Espresso claims 4.7x faster AI on Apple's Neural Engine, bypassing CoreML
Espresso runs small transformer models directly on Apple's AI chip via undocumented interfaces, beating Apple's official AI framework on a single self benchmark.
Espresso runs small transformer models directly on Apple's AI chip via undocumented interfaces, beating Apple's official AI framework on a single self benchmark.
A Swift library posted to GitHub this week claims to train and run transformer models directly on Apple's Neural Engine, the dedicated AI silicon inside Macs, iPhones, and iPads. The author reports a roughly 4.76x speedup over Apple's own CoreML framework on a small six-layer demo model, with 1.08 ms/token versus 5.09 ms/token. Those numbers come from the project's own benchmark on its own code, not from independent reproduction.
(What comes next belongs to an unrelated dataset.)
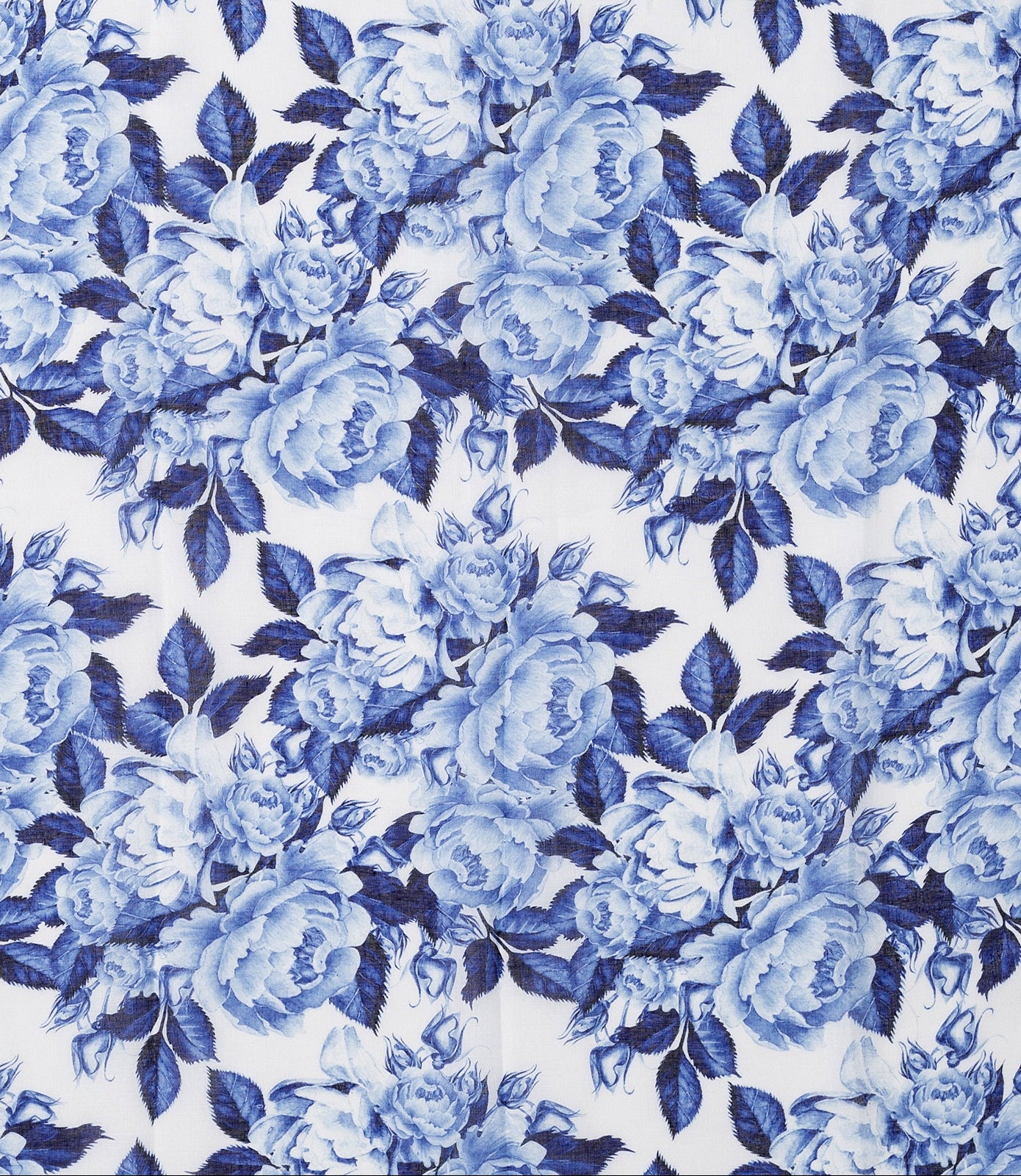 Ivys Blue Peony Blossom Scarf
The project, called Espresso, reaches that result by sidestepping Apple's public AI tooling entirely. Instead of going through CoreML, Espresso compiles transformer operations straight to the Neural Engine using two private Apple interfaces called _ANEClient and _ANEInMemoryModel. Those names are not in any public Apple SDK; the project recovered them by reverse-engineering how Apple's own frameworks talk to the Neural Engine. Because the APIs are private, they can break in any macOS or iOS release, and Apple does not support apps built on them, which effectively rules out App Store distribution.
The package ships with a full training loop, not just inference. EspressoTrain handles forward and backward passes, gradient accumulation, and the Adam optimizer, which is the load-bearing novelty compared with earlier on-device AI work that only ran pretrained models. The trick that makes the speedup possible is packing six transformer layers into two ANE dispatches via fused three-layer kernels, then streaming weights in and out through zero-copy IOSurface buffers with NEON-vectorized reads and vDSP for the final argmax. There is no per-token recompilation, which is what CoreML pays for every time a model changes shape.
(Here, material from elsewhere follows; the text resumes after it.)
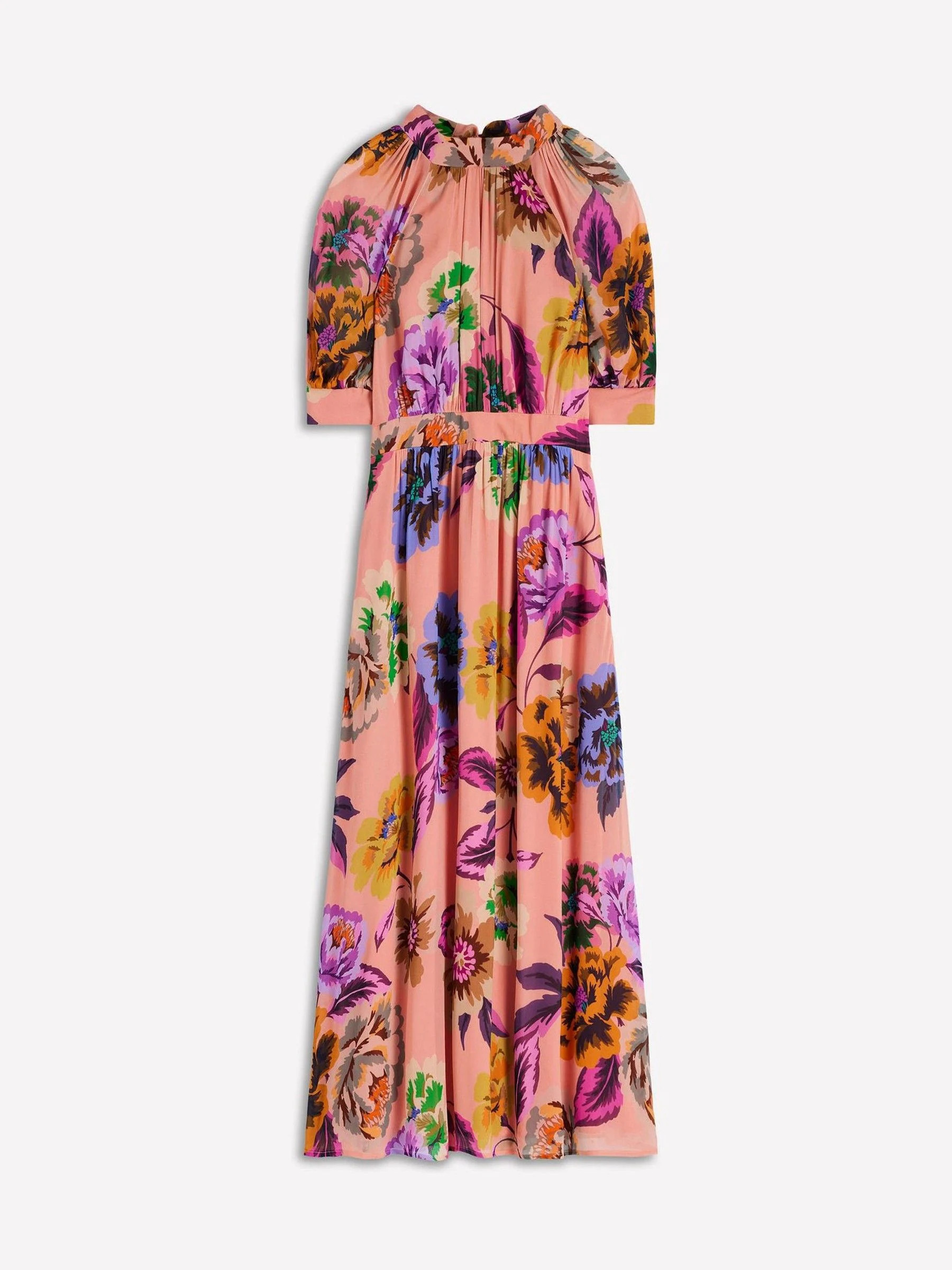 Boden Boden Pink High Neck Blouson Sleeve Dress | Next US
The codebase is small and modern: Swift 6.2 with move-only tensors, strict concurrency, typed throws, and zero external dependencies. The module structure is public, so anyone can verify the training loop and the kernel fusion claims by reading source rather than trusting the README. That matters because the headline number sits on a single developer's self-benchmark on a single small model.
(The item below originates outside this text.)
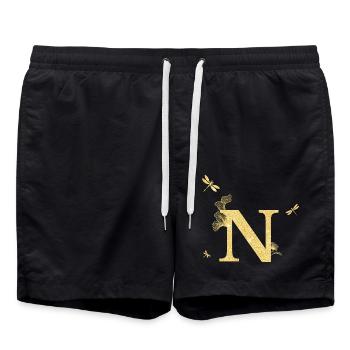 Buchstabe n Goldene Glitzerlibelle - Geschenkidee - Badeshorts - Schwarz - Vorne - AI Model Male 185 light (185cm)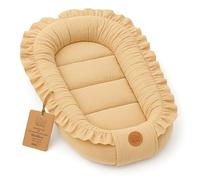 Baby nest babynest for Newborns with Carrying Handle 90 x 50 cm - Portable Baby nest for Bed Children Cuddle nest Cocoon for Boys and Girls Beige Muslin B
Skepticism is already showing up on the Hacker News thread for the project, which had 13 points and a single comment at scout time. Commenter losteric called it "a vibe coded project with failing builds and no associated interesting development story or example applications," a useful reminder that a real training loop in source is not the same as a working pipeline that someone outside the author has shipped. An aggregator roundup framed the discovery in slightly larger terms, but it is discovery context, not independent verification.
Apple's Neural Engine has always been restricted to inference, never gradient computations. The Neural Engine has been treated as Apple's inference-only accelerator for years, closed to anyone who wanted to push gradients through it. Espresso demonstrates a path, on a six-layer toy model, that gets both forward and backward passes running on that hardware without going through CoreML at all. The next test is whether the build survives a major macOS release with its private-API hooks intact, and whether anyone outside the author reproduces the speedup on a larger model.